As of the date of this prospectus supplement, we have sold 7,989,040 shares of our common stock at an aggregate gross offering price of $0.4192 pursuant to the Sales Agreement and the Prior Prospectus for aggregate gross sale proceeds of $3,349,104. We are filing this prospectus supplement to amend the Prior Prospectus to increase the amount we may offer and sell under the registration statement of which this prospectus supplement and the Prior Prospectus form a part following an increase in the aggregate market value of issued and outstanding shares of our common stock held by non-affiliates (our “Public Float”).

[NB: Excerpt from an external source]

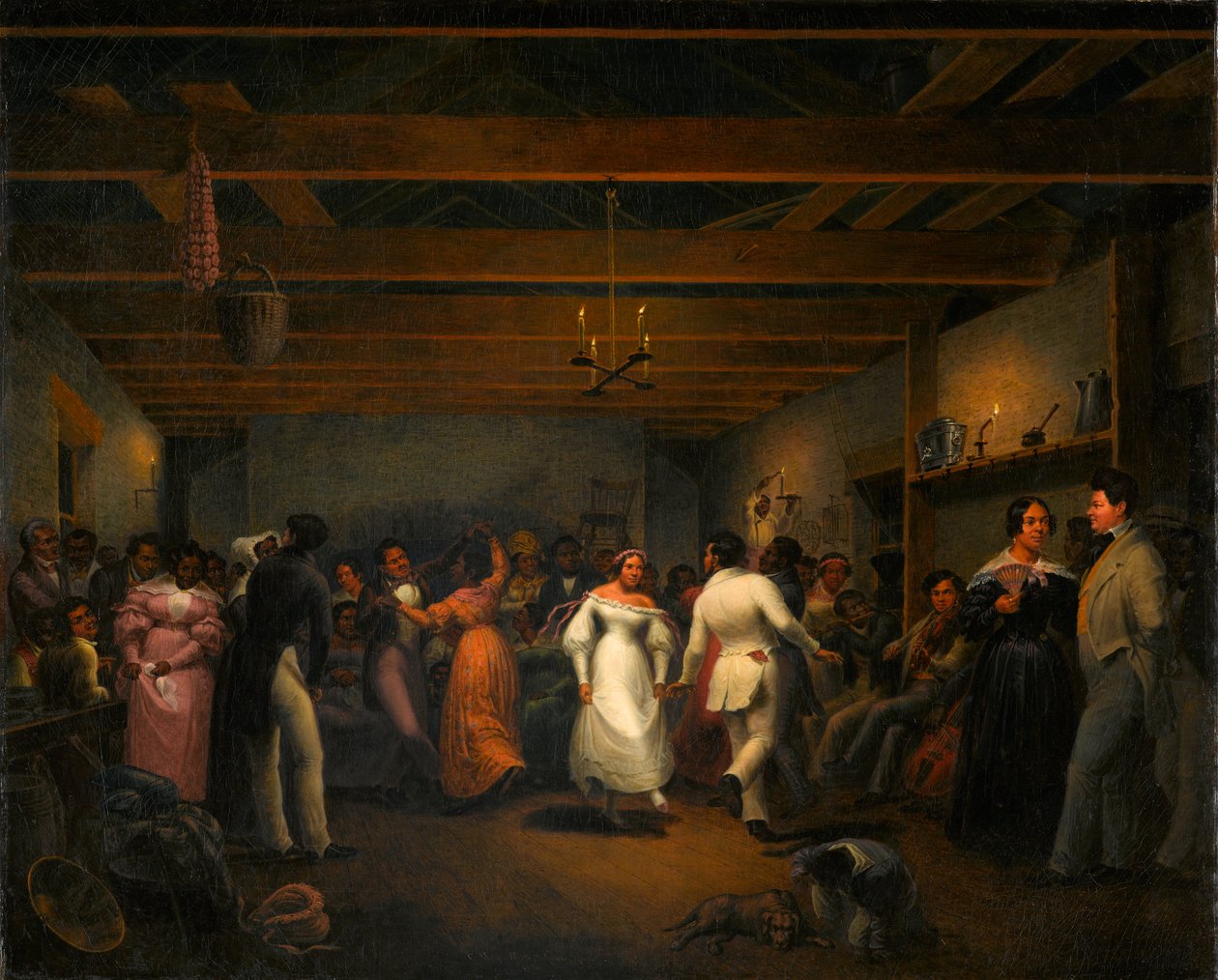 Kjøkkenball i White Sulphur Springs, Virginia, 1838 av Christian Friedrich Mayr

Pursuant to General Instruction I.B.6 of Form S-3, in no event may we sell, pursuant to the registration statement of which this prospectus supplement and the Prior Prospectus form a part, securities in a public primary offering with a value exceeding one-third of our Public Float in any 12-month period, so long as our Public Float remains below $75,000,000. Our Public Float as of May 22, 2025 was $31,403,731, based on 13,536,091 shares of our common stock issued and outstanding and held by non-affiliates on May 22, 2025, and a price per share of $2.32 as of March 24, 2025, which is a date within 60 days prior to the filing date of this prospectus supplement. As of the date hereof, we have sold securities with an aggregate market value of $7,452,396 pursuant to General Instruction I.B.6 of Form S-3 during the prior 12-month period that ends on and includes the date hereof.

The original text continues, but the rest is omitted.